The ancient Greek word for ‘ambition’ was philotimia: ‘love of high esteem in others’ eyes’. Both Boris and Alex Salmond are consumed by this desire for what Greeks saw as a virtue.
The 4th-century bc statesman Demosthenes instructed a young man as follows: ‘Consider that your aim in life should be to become foremost of all, and that it is more to your advantage to be seen to aim at that eminence than to appear outstanding in ordinary company.’ The required reputation, however, did not derive from working for self-advantage but from willingness to sacrifice time, profit, health and life in the community’s interests. This, apparently, is Boris’s problem. He would do well to follow anonymous ancient advice: ‘Manage your affairs so that you are in a position of power, then lay off when you have a fair share, so that you may be seen to work for justice, not out of weakness, but from a sense of what is right.’
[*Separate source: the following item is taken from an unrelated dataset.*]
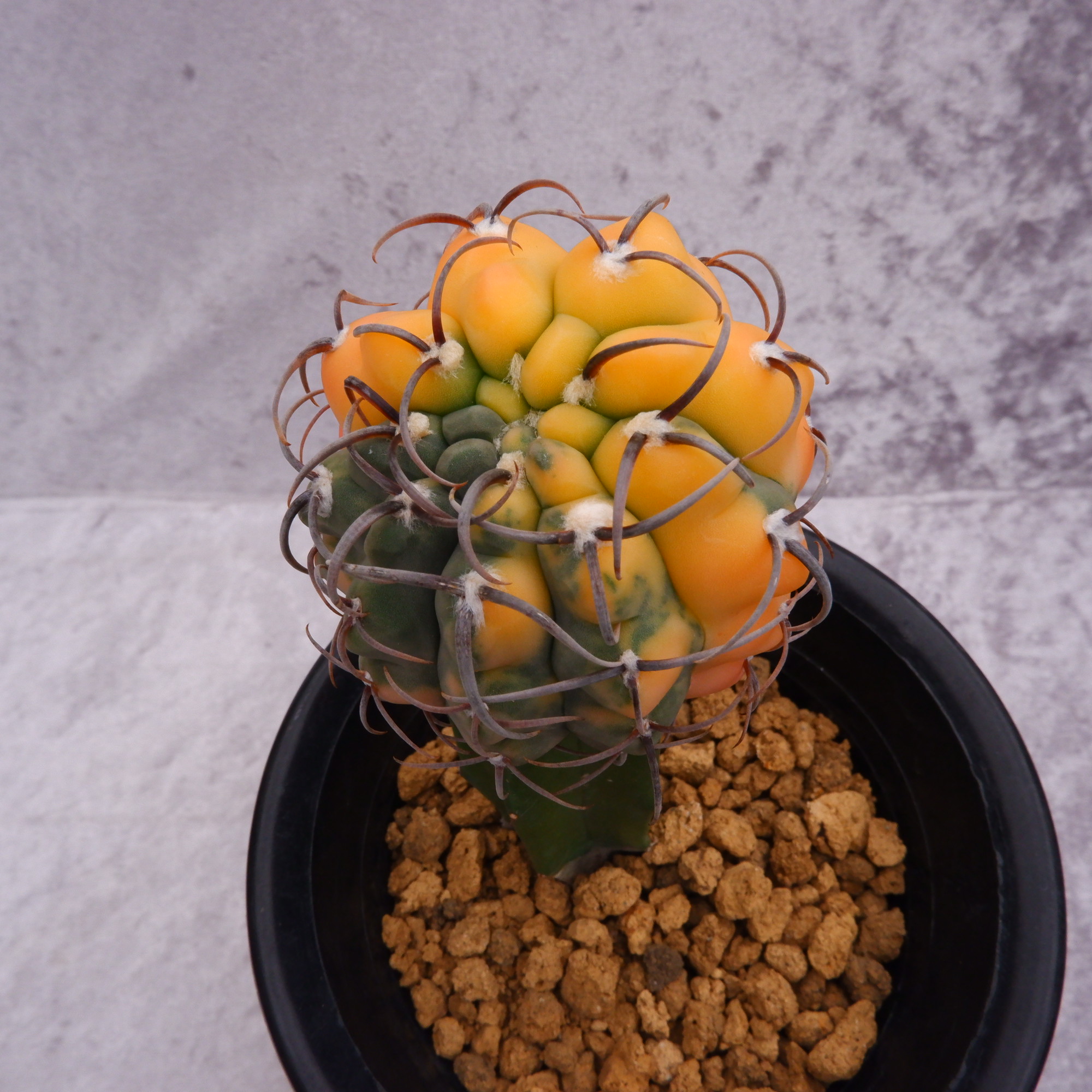 商品詳細 - 信州西沢サボテン園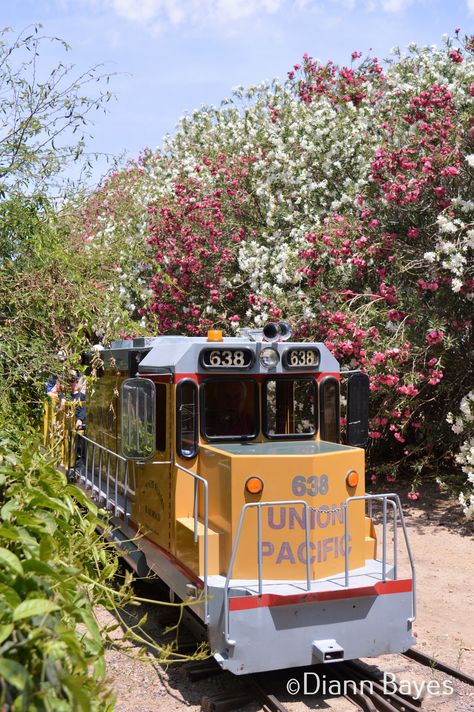 Union Pacific train in crape myrtles at Schnepf Farms in Queen Creek, Arizona  www.eccentricnomads.com Schnepf Farms, Arizona Bucket List, Queen Creek Arizona, Union Pacific Train, Crape Myrtle, Bucket List, Arizona, Train, Queen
As for Salmond, since Greeks tended to judge people by their ability to compete successfully, philotimia regularly shaded into philonikia, ‘love of winning’. But this was a two-edged sword: the honourable desire to win could easily become arrogance, aggression or plain recklessness. This is Salmond’s problem. The clearer it becomes that he is going to lose, the more stridently irrational he becomes. Only a ‘Sod off Scotland’ letter signed by English celebs can now persuade Scottish waverers to vote ‘Yes’.
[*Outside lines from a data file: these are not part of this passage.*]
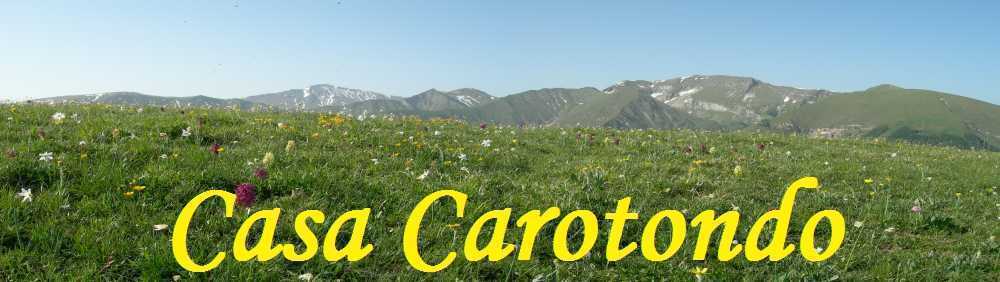 Wild flowers in the Sibillini Mountains, Le Marche, Italy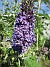 Syrenbuddleja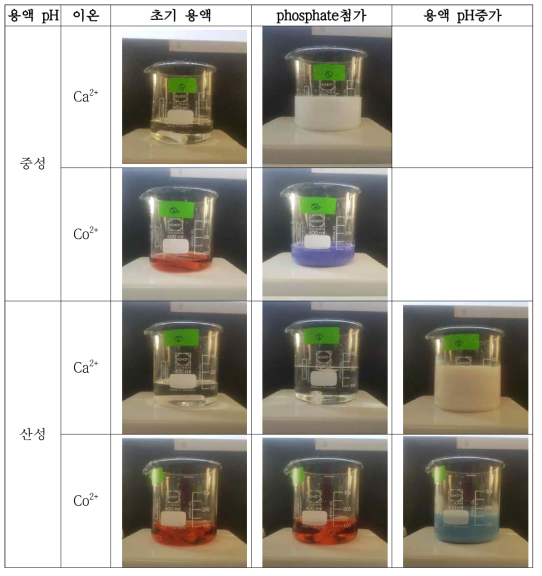 수용액의 pH 조건에 따른 공침 반응 사전 실험 결과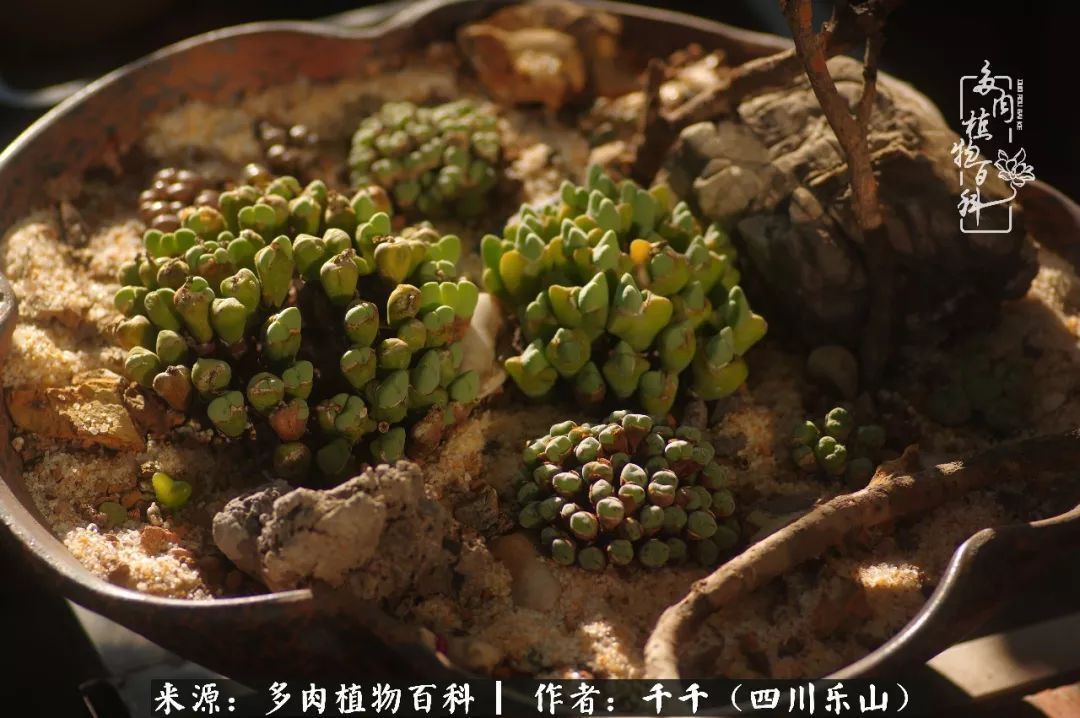 夏天日晒雨淋,秋老虎来势汹汹,你的多肉准备好逆袭了吗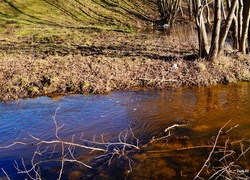 Strumyk, Gałęzie, Drzewa, Wzgórze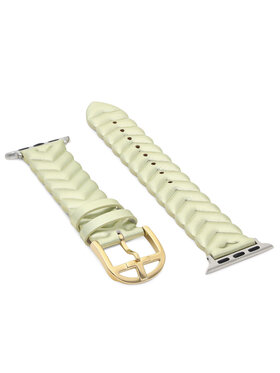 Ted Baker Ted Baker Сменяема каишка за часовник Apple Watch BKS38F114B0 Златист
But Greeks also saw two big, external stumbling-blocks to ambition, both equally unpredictable. One was Fortune (Greek tukhê); the other was kairos, or making your move at the right time. It was this that tripped up Salmond. It could trip up Boris too, who (it seems) would admire the ancient school riddle ‘What makes good out of evil? Boldness. Force.’
Boris’s hero Pericles got it right, we are told, because he ‘knew what needed to be done’. Salmond clearly did not. Beyond sweeping all before him, does Boris?